Hard link
In computing, a hard link is a directory entry that associates a name with a file on a file system. All directory-based file systems must have at least one hard link giving the original name for each file. The term “hard link” is usually only used in file systems that allow more than one hard link for the same file.
Creating an additional hard link has the effect of giving one file multiple names (e.g. different names in different directories) all of which independently connect to the same data on the disk, none of which depends on any of the others.[1] This causes an alias effect: e.g. if the file is opened by any one of its names, and changes are made to its content, then these changes will also be visible when the file is opened by an alternative name. By contrast, a soft link or “shortcut” to a file is not a direct link to the data itself, but rather is a short file that contains the text of a file name, or a location that gives direct access to yet another file name within some directory. The name contained in or referred to by the soft link may either be a hard link or another soft link. This also creates aliasing, but in a different way.

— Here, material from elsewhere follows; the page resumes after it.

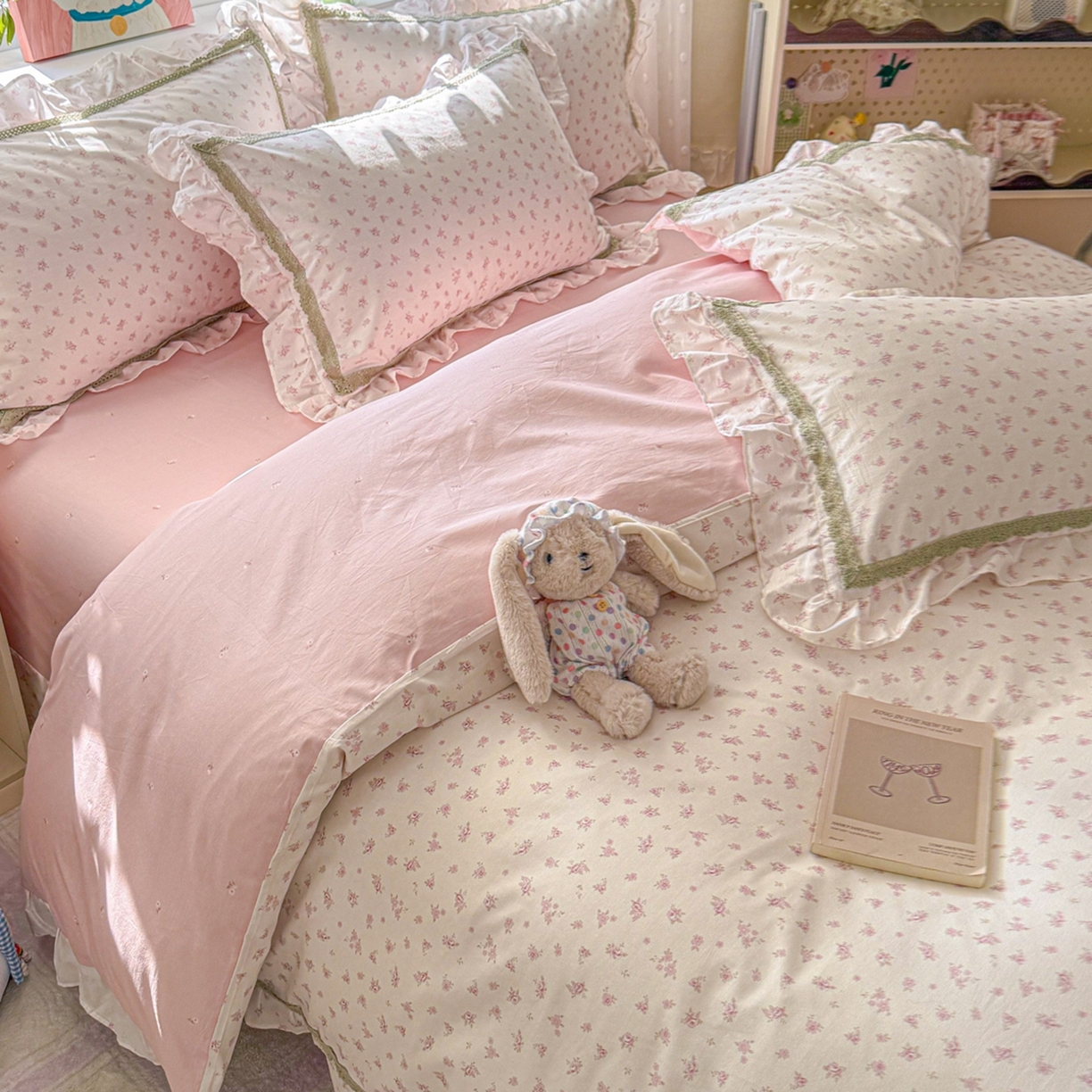 91家纺网 家纺一手货源 找家纺 眠屿家纺 2026新款40支全棉纯棉小清新法式花边款四件套 温婉花语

Every directory is itself a file, only special because it contains a list of file names maintained by the file system. Since directories themselves are files, multiple hard links to directories are possible, which could create a circular directory structure, rather than a branching structure like a tree. For that reason, the creation of hard links to directories is sometimes forbidden.

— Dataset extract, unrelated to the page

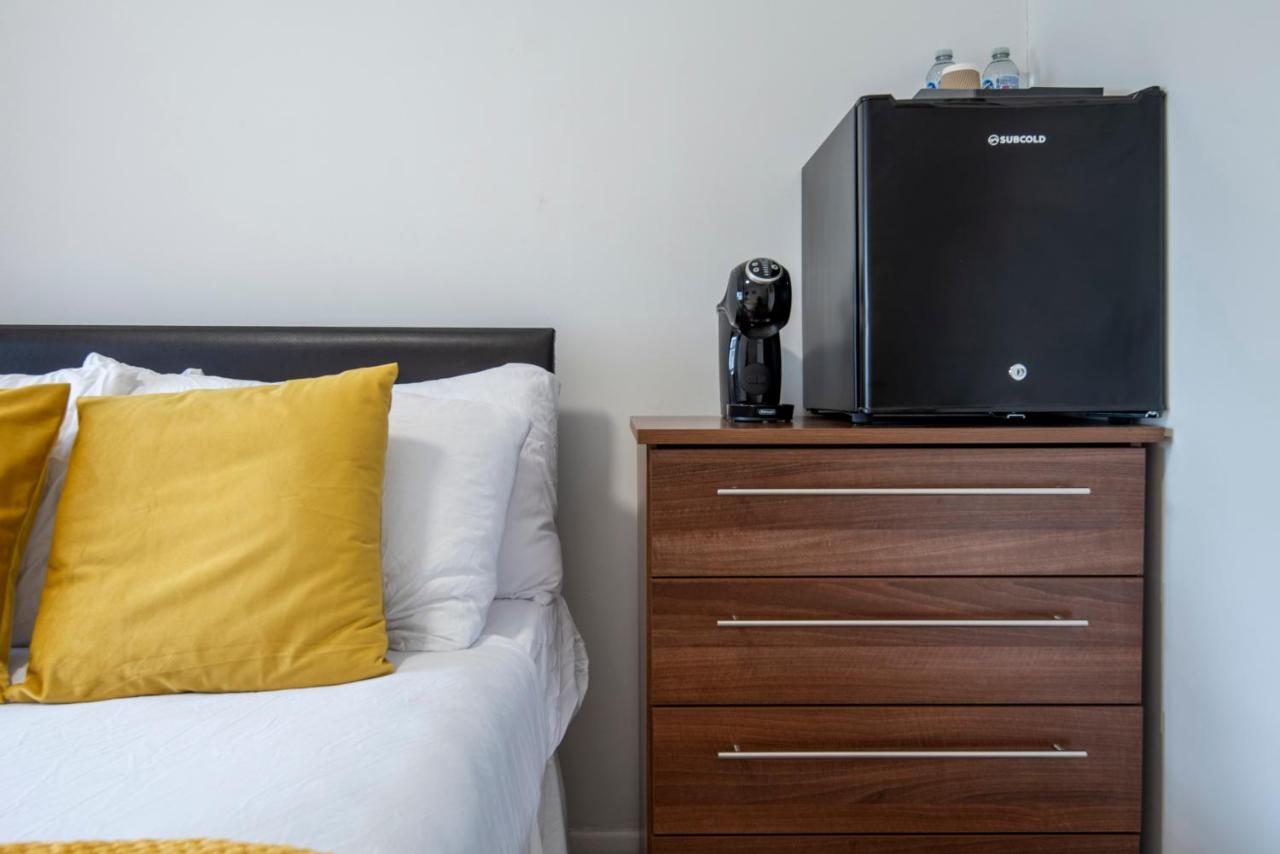 Double in Notting Hill, Private Minibar & Coffee - 4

Multiple hard links – that is, multiple directory entries to the same file – are supported by POSIX-compliant and partially POSIX-compliant operating systems, such as Linux, Android, macOS, and also Windows NT4[2] and later Windows NT operating systems.
Support also depends on the type of file system being used. For instance, the NTFS file system supports multiple hard links, while FAT and ReFS do not.
Usage
On POSIX-compliant and partially POSIX-compliant operating systems, such as all Unix-like systems, additional hard links to existing files are created with the link()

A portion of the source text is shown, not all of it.